Number of input channels

PlekhanovaElena commented 2 months ago

Hi there,

I'm trying to reproduce the pre-training of the SatClip based on S100 datset. I downloaded S100 and changed the paths in the config file default.yaml and in s2geo_dataset.py. Now, this is the output error that I'm trying to solve:

using vision transformer
GPU available: True (cuda), used: True
TPU available: False, using: 0 TPU cores
IPU available: False, using: 0 IPUs
HPU available: False, using: 0 HPUs
/home/eplekh/.local/lib/python3.10/site-packages/lightning/pytorch/loops/utilities.py:73: `max_epochs` was not set. Setting it to 1000 epochs. To train without an epoch limit, set `max_epochs=-1`.
skipped 8142/100000 images because they were smaller than 10000 bytes... they probably contained nodata pixels
LOCAL_RANK: 0 - CUDA_VISIBLE_DEVICES: [0]
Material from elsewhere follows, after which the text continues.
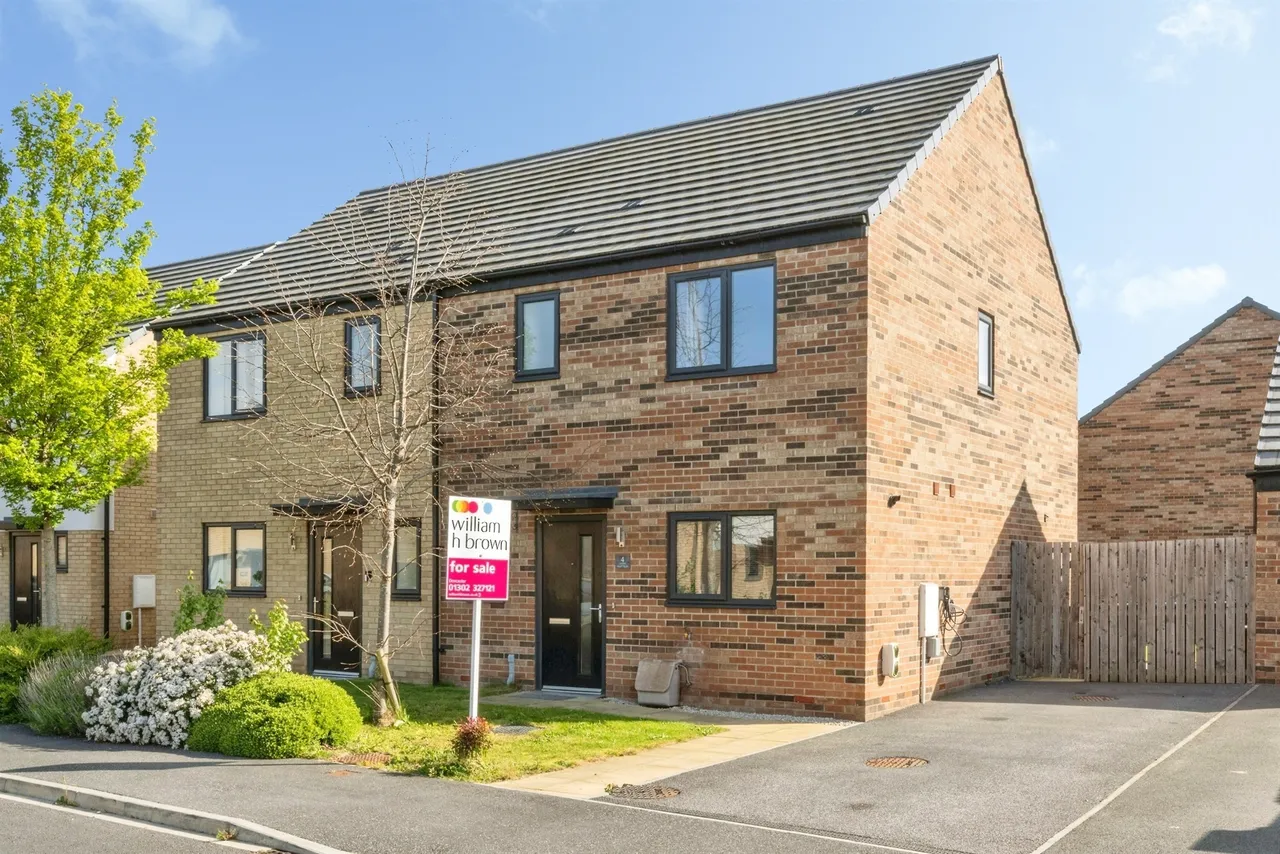 3 bed house for sale, Swan Road, Lakeside, DN4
  | Name     | Type        | Params
-----------------------------------------
0 | model    | SatCLIP     | 88.9 M
1 | loss_fun | SatCLIPLoss | 0     
-----------------------------------------
88.9 M    Trainable params
0         Non-trainable params
88.9 M    Total params
355.445   Total estimated model params size (MB)
SLURM auto-requeueing enabled. Setting signal handlers.
LOCAL_RANK: 0 - CUDA_VISIBLE_DEVICES: [0]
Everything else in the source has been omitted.